THE TASK> Find the line with "Clinostigma savoryanum (3).jpg" and the line with "Livro ou caderno" in the entries below; output exactly those two lines, every line between them, and no others.

INFORMATION SHOWN>
---*---

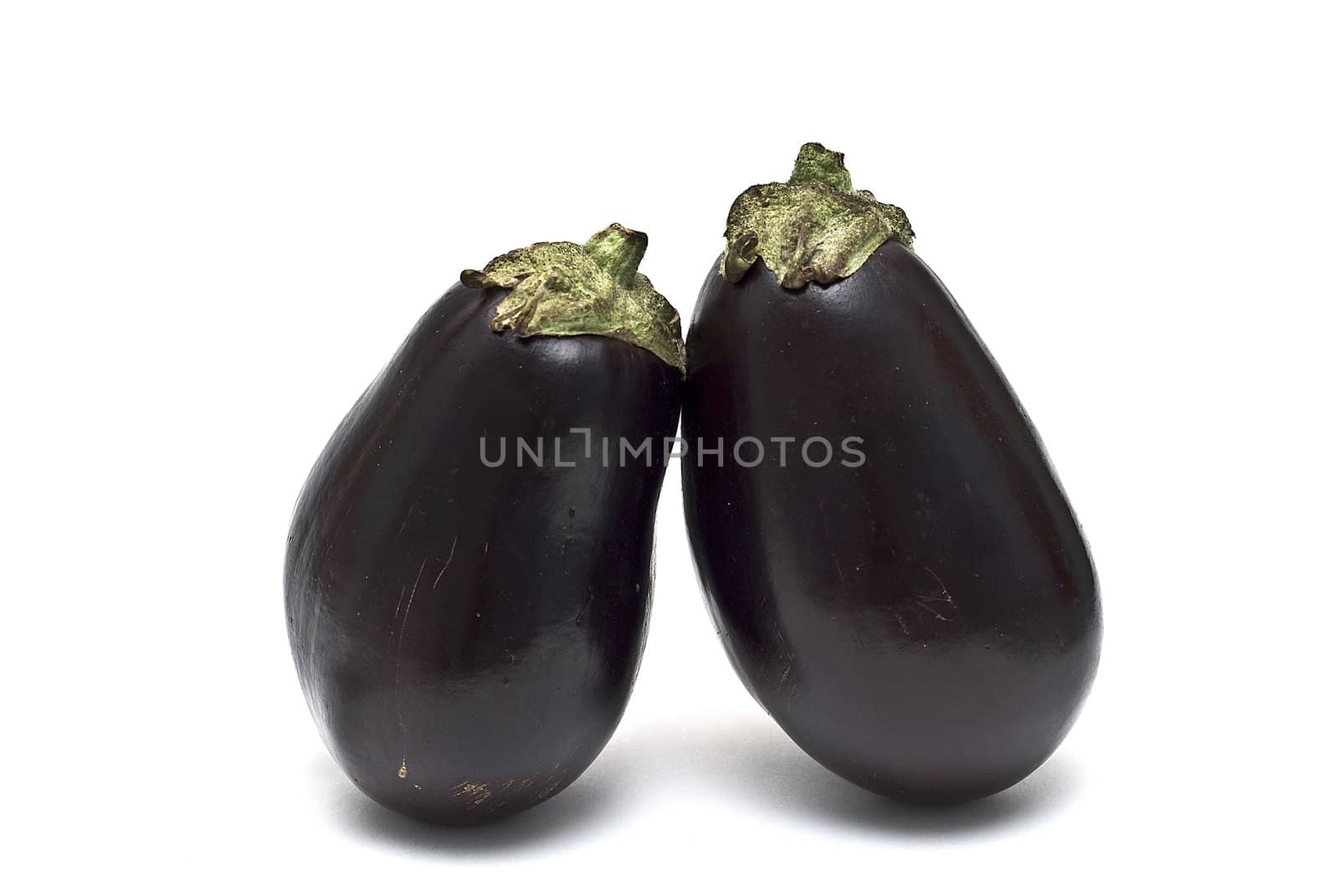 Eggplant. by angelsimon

---*---

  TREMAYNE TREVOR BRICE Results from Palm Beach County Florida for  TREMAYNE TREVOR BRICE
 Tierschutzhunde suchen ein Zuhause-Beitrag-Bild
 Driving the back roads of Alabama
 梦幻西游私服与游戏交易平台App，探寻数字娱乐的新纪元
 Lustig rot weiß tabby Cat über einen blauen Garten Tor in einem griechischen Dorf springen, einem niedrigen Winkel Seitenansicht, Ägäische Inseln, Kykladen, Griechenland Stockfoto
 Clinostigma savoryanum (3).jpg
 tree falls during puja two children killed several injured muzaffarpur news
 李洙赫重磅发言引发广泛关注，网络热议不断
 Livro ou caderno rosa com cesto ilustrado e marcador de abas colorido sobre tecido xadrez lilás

---*---

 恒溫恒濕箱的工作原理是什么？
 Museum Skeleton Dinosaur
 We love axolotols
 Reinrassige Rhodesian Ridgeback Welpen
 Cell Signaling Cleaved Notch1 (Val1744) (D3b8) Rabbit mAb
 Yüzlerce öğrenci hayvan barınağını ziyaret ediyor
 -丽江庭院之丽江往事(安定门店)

---*---

WORKED SOLUTION>
 Clinostigma savoryanum (3).jpg
 tree falls during puja two children killed several injured muzaffarpur news
 李洙赫重磅发言引发广泛关注，网络热议不断
 Livro ou caderno rosa com cesto ilustrado e marcador de abas colorido sobre tecido xadrez lilás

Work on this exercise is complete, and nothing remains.